Das Funktioniert auch bei CSV dateien nur das Problem ist. Wie kriege ich die nächste Spalte hin?
Gibt es dafür auch ein Java Befehl so ne art speicher.newRow() ?


----------



## Michael... (7. Dez 2009)

csv steht für "character separeted values" es wird also ein spezifisches Zeichen als Trennzeichen verwendet. Häufig ein ; oder ein Tab


----------



## Ebenius (7. Dez 2009)

Das Komma [c],[/c] ist der Spaltentrenner im (eigentlichen) CSV. Oft wird auch TAB verwendet, manchmal Semikolon (was dann eigentlich nicht mehr CSV heißen sollte). So lange Deine Zelleninhalte den Trenner nicht selbst benutzen ist das ganze trivial; einfach einen Trenner schreiben, wenn eine Folge-Zelle beginnt.

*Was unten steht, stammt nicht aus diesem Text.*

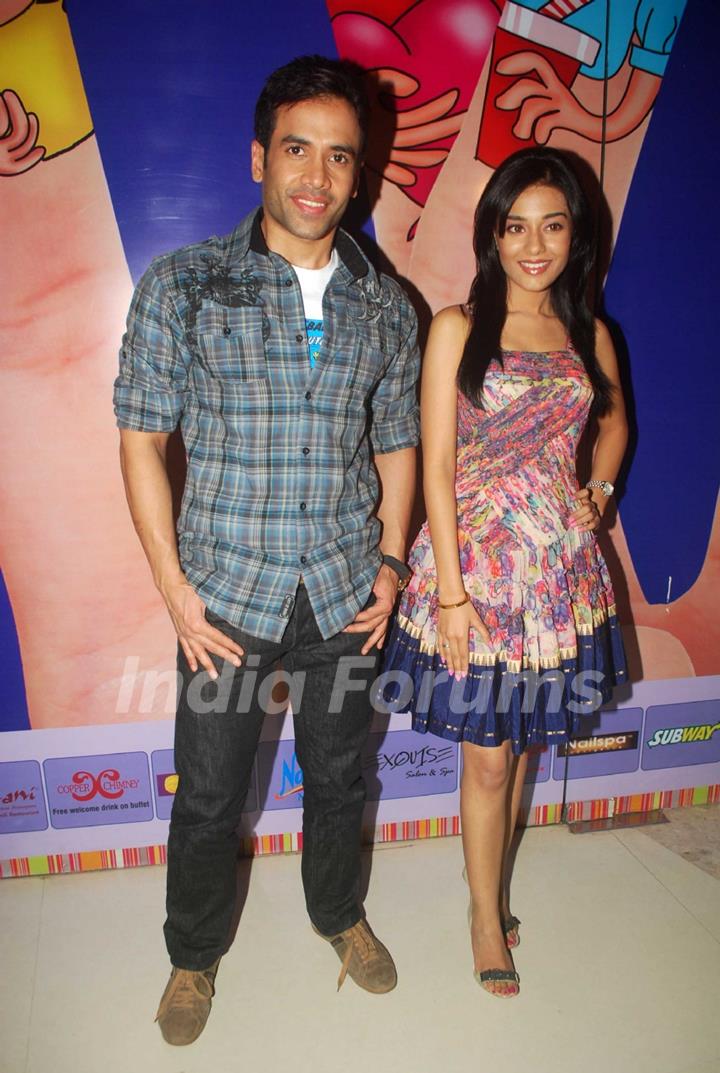 Tusshar Kapoor and Amrita Rao at a promotional event for film Love U... Mr. Kalakaar! at Oberoi Mall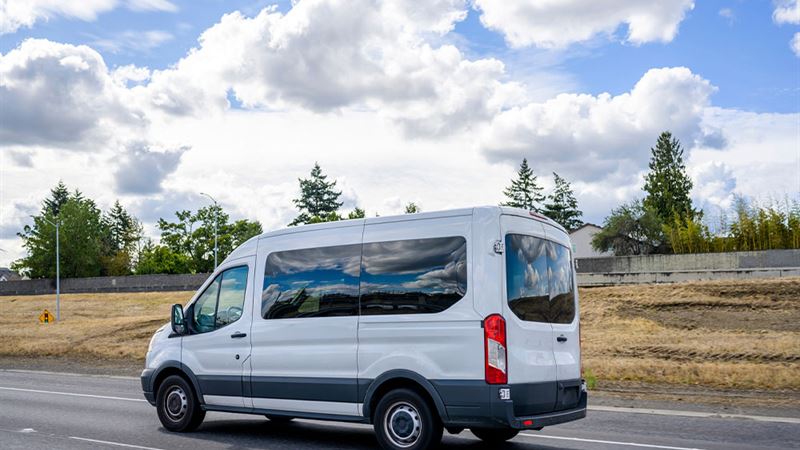 Comprehensive Guide to the Distinctive Features of the Ford Transit-150 Cargo Van
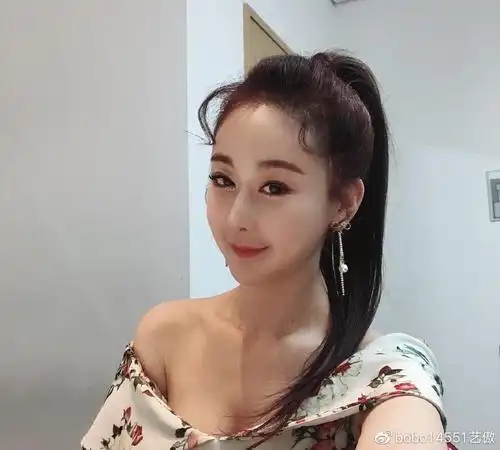 咸素媛整容前旧照曝光,样貌清纯动人,引主持人大呼:干嘛要整容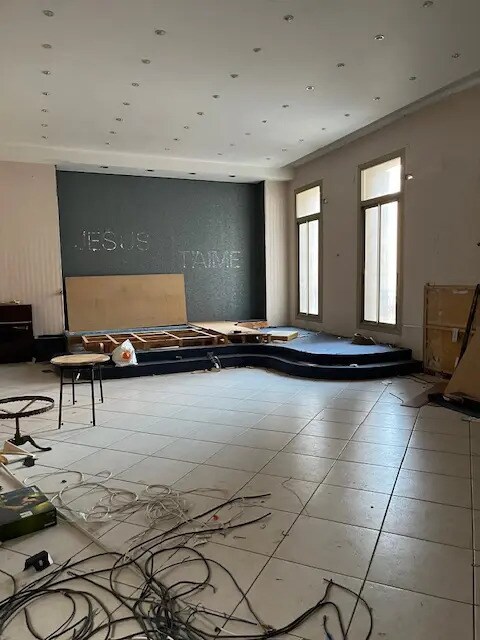 Retail in Marseille for sale Interior Photo- Image 1 of 3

[edit] Whoops, ich kannte bisher nur "Comma Separated Values" als CSV. "Character ..." ist mir neu, die Wikipedia behauptet aber es kann beides heißen. 

Ebenius


----------



## Mcburn (7. Dez 2009)

Okay ^^ dachte es gäb noch ein extra befehl. Gut dann hau ich einfach ein , rein und gut ist.

Danke schön


----------